Monday, November 21, 2011

Rams vs Seahawks: The Good, The Bad & The Ugly

The St. Louis Rams (2-8) fell victim to the Seattle Seahawks (4-6) with a final score of 24-7. It was an absolute embarrassment for the Rams in front of their home crowd at the Edward Jones Dome in St. Louis. 

Prior to the Seattle game, the Rams had won two of their last three games, and even the one loss during that three game stretch came against the Arizona Cardinals in a close battle that ended in overtime. 

For a moment it seemed as though the Rams were done rolling over for second-tier NFL teams, but just when things began to improve, Seattle came to town to serve a big plate full of reality. 

The Rams, as a team, are completely lost. The offense they put on the field against Seattle was nothing short of an embarrassment to the fanbase and the entire city of St. Louis. 

Putting up only seven total points against a beatable opponent on your home field is unacceptable even for a high school team, but when it happens to a professional team it's just a shining example of how lost and incompetent the leadership really is. 

But for now, here is the breakdown of Sunday's game against Seattle...

The Good

The fact that Seattle scored 24 points might suggest the defense had a below average game, but that's not the case. They actually played an excellent game. 

The pathetic Rams offense can only have so many three-and-outs before the defense gets winded and starts coughing up points. If the Rams were capable of fielding even a half-competent offense then the defense would have likely held Seattle to less than ten points. 

Safety Quintin Mikell had a solid start to the game, recording a forced fumble and an interception on back-to-back plays. The other safety, Darian Stewart, continued to look like a rising star with eight tackles and a sack. 

James Laurinaitis was a madman with 13 tackles, while defensive ends Chris Long, James Hall and Robert Quinn each recorded a sack (Quinn had a blocked punt as well). 

Linebacker Chris Chamberlain had an interception early in the first quarter, but was very average for the remainder of the game.

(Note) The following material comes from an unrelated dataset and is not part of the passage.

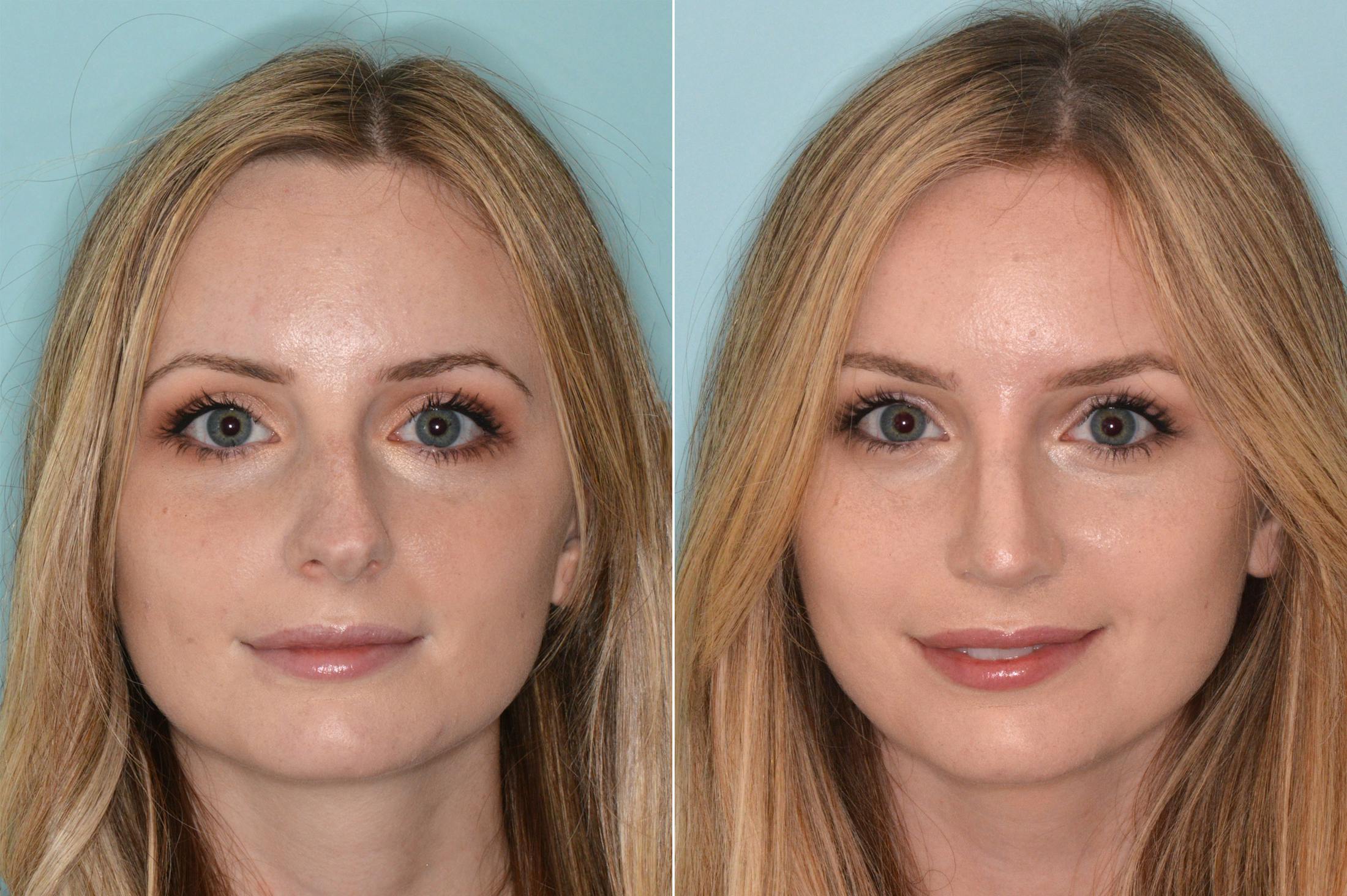Rhinoplasty before and after, frontal.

Brandon Lloyd is the only offensive player worth mentioning—he had five catches for 67 yards, including a 30 yard touchdown reception for the Rams' only score of the game.  

The Bad

Sam Bradford had an awful game. It was just absolutely terrible, but that's not to say he was even given the opportunity to succeed to begin with. 

The pass blocking was atrocious. For every play Bradford had decent protection, there were three where he could feel Seattle's defensive line breathing down his neck. His blindside was completely vulnerable for the majority of the game. 

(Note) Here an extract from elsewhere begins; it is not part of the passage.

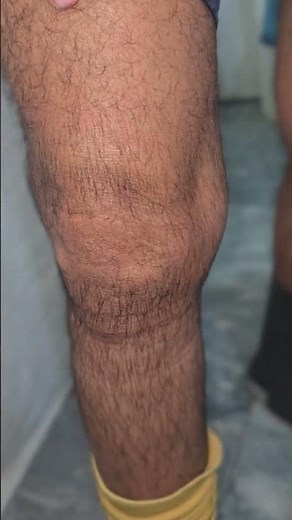Baker’s Cyst Explained 🦵 | Knee Swelling on Imaging #BakersCyst #KneePain #OrthoShorts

Also, the receivers struggled with dropped passes once again. 

You can't blame Bradford when his line is committing stupid personal foul and false start penalties (all while providing no protection), and his receivers drop passes and have zero physical presence. But it is fair to say he wasn't on top of his game.

Steven Jackson was another player that didn't play up to his full potential. He had 42 yards on 15 carries (2.8 yards per carry) and no touchdowns. But like Bradford, Jackson is only as good as his linemen allow him to be.

The Ugly

This doesn't necessarily involve the Seattle game alone, but here are some ugly thoughts concerning the current state of the Rams offense...

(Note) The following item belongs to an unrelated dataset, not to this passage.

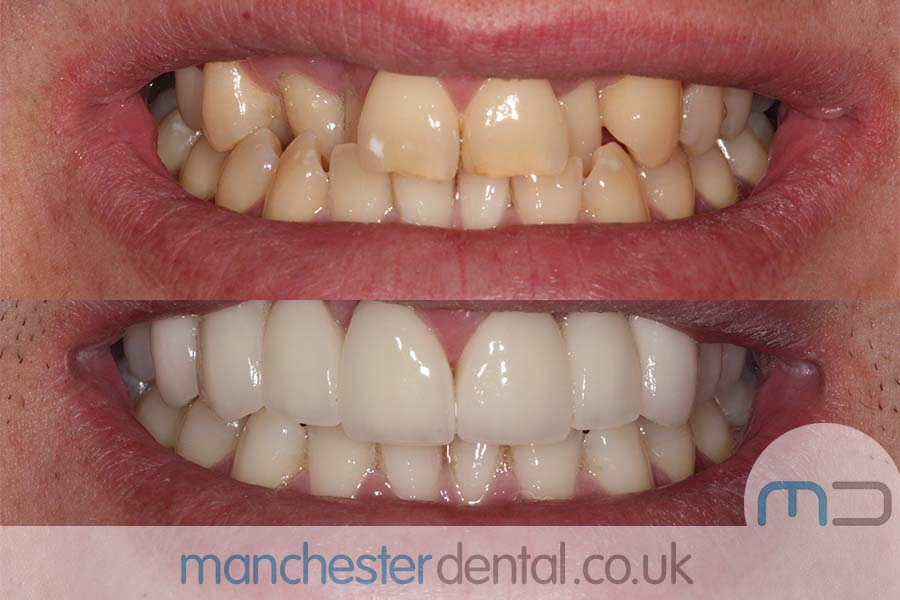 teeth whitening in manchester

Josh McDaniels was brought to St. Louis because he was thought of as an offensive guru that ran an offense that was compatible with the strengths of Sam Bradford. 

The Rams refused to hire a quarterback coach to guide Bradford. The team was under the impression that McDaniels would take Bradford under his wing while simultaneously operating the entire offense. 

Not only has Bradford regressed under McDaniels' watch, but the entire offense has seemingly been reduced to debris. 

Bradford has only five touchdown passes in eight games, while the rest of the offense has been equally awful:

- Yards per game (297.9, ranked 30th)

- Total points (120, ranked 32nd)

- Points per game (12.0, ranked 32nd)

- Yards per play (4.5, ranked 31st)

- Third-down efficiency (29.1 percent, ranked 32nd)

- Penalties (74, ranked 24th)

Another offensive coach, besides McDaniels, who should not be overlooked is offensive line coach Steve Loney. Loney was the only coach retained from the Scott Linehan era, which is mind-boggling considering the line was equally bad during those years. 

Here's what old Steve has been given to work with...

Jacob Bell ($36 million free agent), Jason Smith (No. 2 overall pick, 2009), Jason Brown ($37.5 million free agent), Rodger Saffold (No. 33 overall pick, 2010), Harvey Dahl ($16 million free agent). 

Every lineman Loney has put his hands on has regressed dramatically. He should have been fired three different times by now. 

When you consider the less than brilliant moves made by the team, such as not hiring a quarterback coach and retaining Loney, it's really not that hard to believe how bad the Rams offense has been.